**WHAT IS BEING ASKED**
Quote the data below in full, minus the images.

**DATASET EXTRACT**
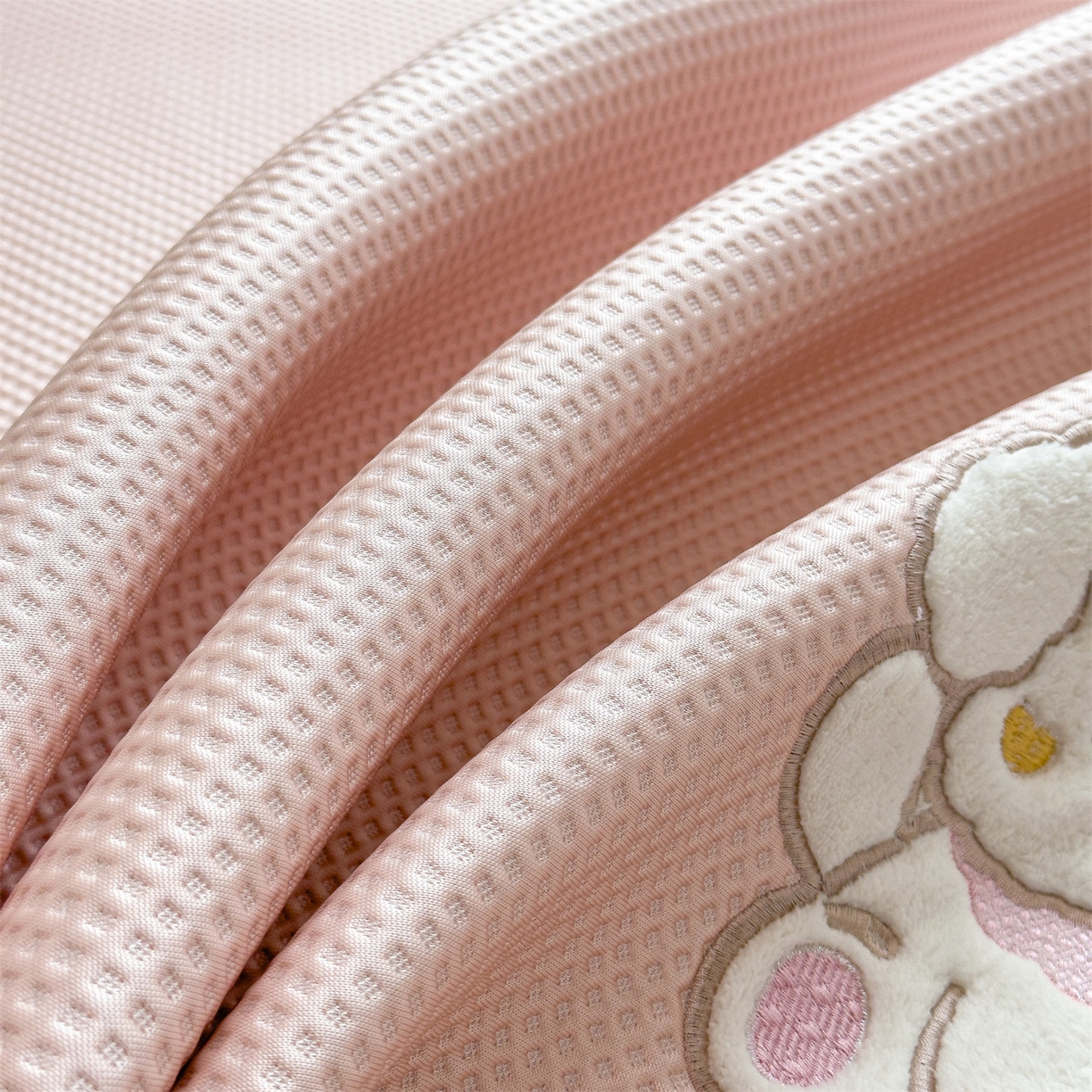 91家纺网 家纺一手货源 找家纺 兄弟坊 2026新款高端A类PE高分子冰丝凉席卡通贴布凉席冰豆豆软凉席 宠物玩偶-粉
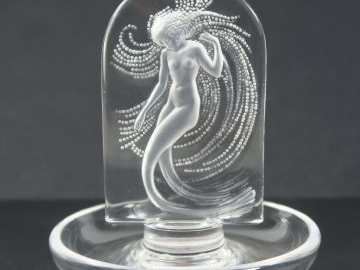 LALIQUE France. Cendrier "naïade" en cristal  Signé H. 11 cm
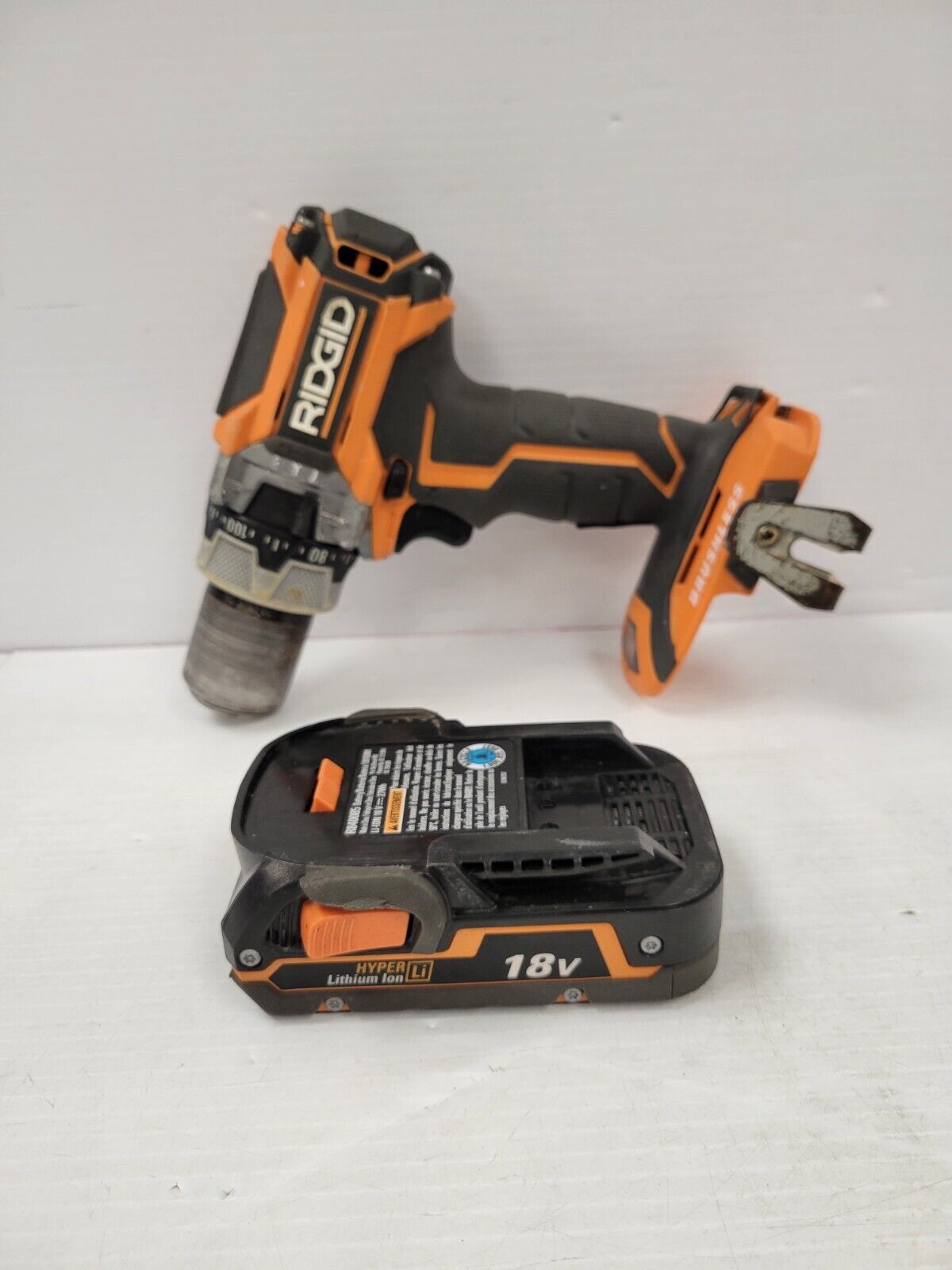 Ridgid R86116 18V Brushless Cordless Impact Drill with 1/2 Inch Chuck - Powerful Tool for Drilling and Fastening in Construction, Woodworking, and DIY Projects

**TASK RESPONSE**
 91家纺网 家纺一手货源 找家纺 兄弟坊 2026新款高端A类PE高分子冰丝凉席卡通贴布凉席冰豆豆软凉席 宠物玩偶-粉
 LALIQUE France. Cendrier "naïade" en cristal  Signé H. 11 cm
 Ridgid R86116 18V Brushless Cordless Impact Drill with 1/2 Inch Chuck - Powerful Tool for Drilling and Fastening in Construction, Woodworking, and DIY Projects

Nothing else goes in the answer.